Dabei soll der Angeklagte das so genannte Entsendegesetz ausgenutzt haben. Werden die Sozialversicherungsbeträge im eigenen Land gezahlt, sind die Arbeiter später in den EU-Ländern von der Versicherungspflicht befreit. Als Nachweis muss der Arbeitgeber jedoch E-101-Bescheinigungen vorlegen.

Straßenverkehrsgefährdung

Dieses Problem soll der Angeklagte gelöst haben, indem er diese Bescheinigungen fälschte.
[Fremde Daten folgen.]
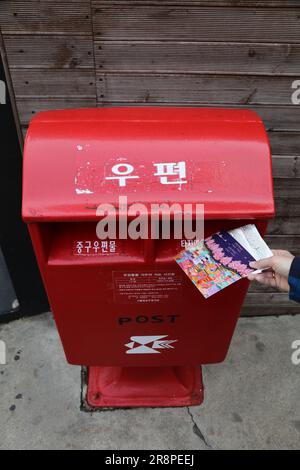 SÉOUL, CORÉE DU SUD - 7 AVRIL 2023 : personne envoyant des cartes postales dans la boîte aux lettres publique de Korea Post, le service postal national de Corée du Sud. Banque D'Images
An ihren deutschen Einsatzorten sollen die offensichtlich ahnungslosen ausländischen Mitabeiter die unechten Urkunden den Chefs der Schlachthöfe übergeben haben. Offensichtlich war der Angeklagte überzeugt, die vorenthaltenen Sozialvesicherungsbeiträge für immer einsparen zu können. Laut Anklage ist die Rede von 220 000 Euro, die den Kassen als Arbeitnehmeranteilen entgangen sein sollen.

Der Mönchengladbacher, der sein Archtitekturstudium nicht beendete, musste in der Vergangenheit bereits eine Haftstrafe wegen Steuerhinterziehung verbüßen.Im vergangenen Jahr wurde der 44-Jährige außerdem wegen vorsätzlicher Straßenverkehrsgefährdung vorbestraft. Insgesamt drei Firmen, ein polnische, eine litauische und eine tschechische, will der Arbeitgeber bisher aufgebaut haben.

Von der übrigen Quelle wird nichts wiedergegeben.